Trauma, the Subway, and the Voice (for M/E/A/N/I/N/G)

2011

 

http://writing.upenn.edu/epc/meaning/05/meaning-online-5.html#fischer

My friend, the artist Lucas Carlson, taught me how to use my voice.  He was brave. He fought with real demons and took his own life in 2007. Those were dark times.

We were all traumatized and competitive and silent in the early 2000’s when I attended Columbia for an MFA. We paid for access. The holy of holies of Chelsea was revealed to us as a magic pyramid that governed the art world which was to be our hunting ground. We were taught that the real game, the real art, was money and celebrity. Free-thinking was frowned upon as earnest or naïve.  We would use our intelligence strategically, to compete against each other and make it to the top.  A few students became millionaires or jet setters soon after leaving school. Most did not but thought they might soon. We weren’t very nice to each other and didn’t challenge the obviously fucked up system. Instead, we honored it.  The stakes were just too high.

As Kafka has shown, power is architectonic, but the walls are usually invisible. I have always seen these walls. Lucas taught me how to break through them by speaking out loud spells. One day on the 1 train heading downtown, he spoke out, like those crazy homeless people or the kids selling candy for their basketball teams. This is shocking, repugnant, possibly breaking ancient New York class regulations, but Lucas did it.  Annoyed by a subway ad, he ranted about the public education system to all who would listen. This started an underground conversation – an immediate unfreezing of the world, a herbal antidote to the poison of Late Capitalism and 9-11. We were free. I learned from Lucas that  honesty and bravery are an artist’s occupation.
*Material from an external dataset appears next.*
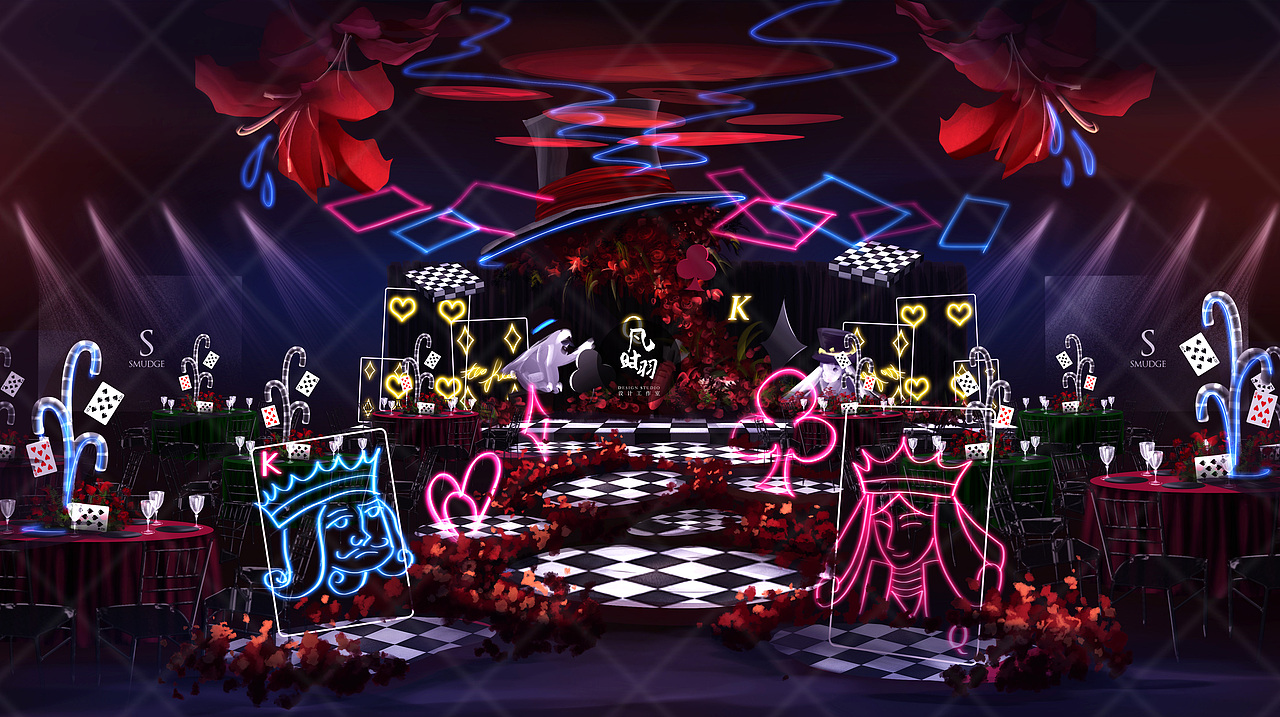 婚礼手绘 — 电脑ps 「魔术与象棋」（图ZMTE4NzI2OTYw） - 舞台美术 - 站酷设计师凡时羽设计工作室原创素材 - 站酷ZCOOL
I wish that Lucas was here to be part of the Occupation of Wall Street- he would have loved it as I love it.  Because from the first time that Lucas showed me how to perform the wall-breaking speak out, I’ve had this seed in the back of mind and its been growing.  That’s how I arrived at Wall Street before the occupation. Three years after Obama’s government had continued every war and defended every banker The Aaron Burr Society and I initiated the “Summer of Change” on Wall Street. (www.summerofchang.net)  On June 21st 2011 we began offering $700 in US coins in a series of public numismatic rituals.  We showered coins and rhetoric upon the very stones of Wall Street across from the Stock Exchange- donning god-like coin masks. Tourists, workers, homeless people and children, picked up the coins, never investment bankers. But the bankers and traders did stand in the back and listen as we loudly and publically railed in presidential tones against the surreal economic crimes of our times. When the revolution really happened- a few days before the equinox, our voices were warmed up, we were ready!
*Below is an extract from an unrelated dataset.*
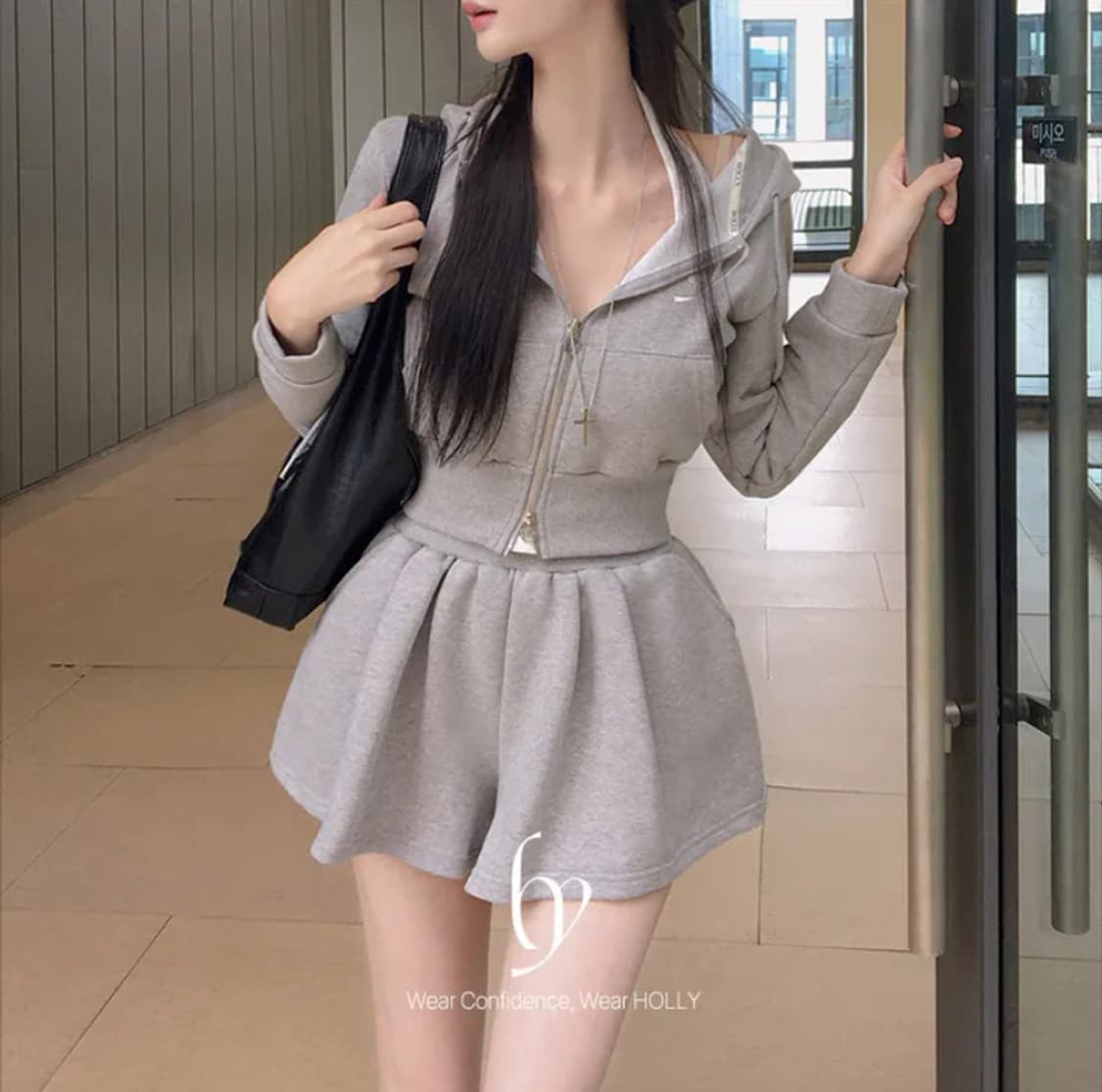 새상품) 홀리 made 리사 크롭 후드집업 그레이 상품이미지1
The first day of Occupywallstreet, I was there in my coin-mask, shouting fragments of FDR rhetoric at the lone Russian TV station who showed up to cover the protests.

The next week, with the movement in full swing, the park fully occupied and more people coming all the time, it was time to begin occupying the subways. This meant talking out in car after car full of silent strangers. And they began talking to each other, as Lucas had managed in the dark days of 2007.  As I write this, many people are occupying subways from the outer corners of the megatrolpolis to the cores of Times Square and Union Square. We are spreading the message to wake up, speak out, and come together all over New York City, which has the same wealth disparity as Honduras.
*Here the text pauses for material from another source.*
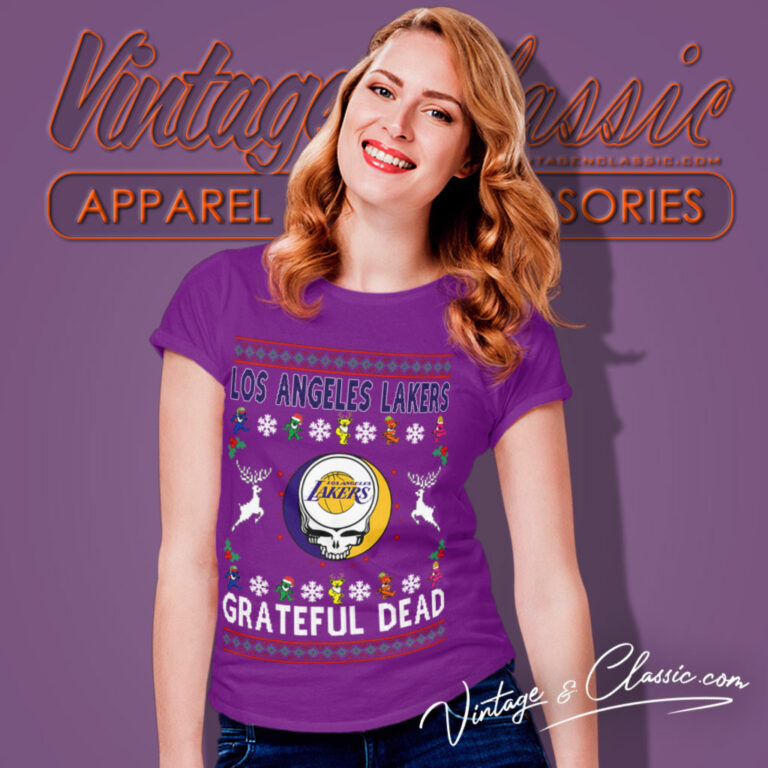 Los Angeles Lakers Grateful Dead Ugly Christmas Women T Shirt Los Angeles Lakers Grateful Dead Ugly Christmas Women T Shirt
This week we are going to occupy museums.  We will read out statements written by consensus to the effect that we can see through the shabby pyramid schemes of the MoMA and the Guggenheim and of course the Frick- that ongoing PR campaign for the “Worst CEO in American Hoistory.” Museum board members inflate the value of their collections through the same kind of shady deals that Wall Street traders are known for.  Their sense of ownership of the art historical cannon is an affront to art iself – we know it’s all about money now, nothing about art.  We’ll stand in front of so-called houses of high culture and recount how hundreds of thousands of artists have been silenced by a system of economic injustice for way too long- just as the American public has been silenced and trauma caused by the big banks.  We artists are finally learning to use our voice, and when I say artists I mean everybody.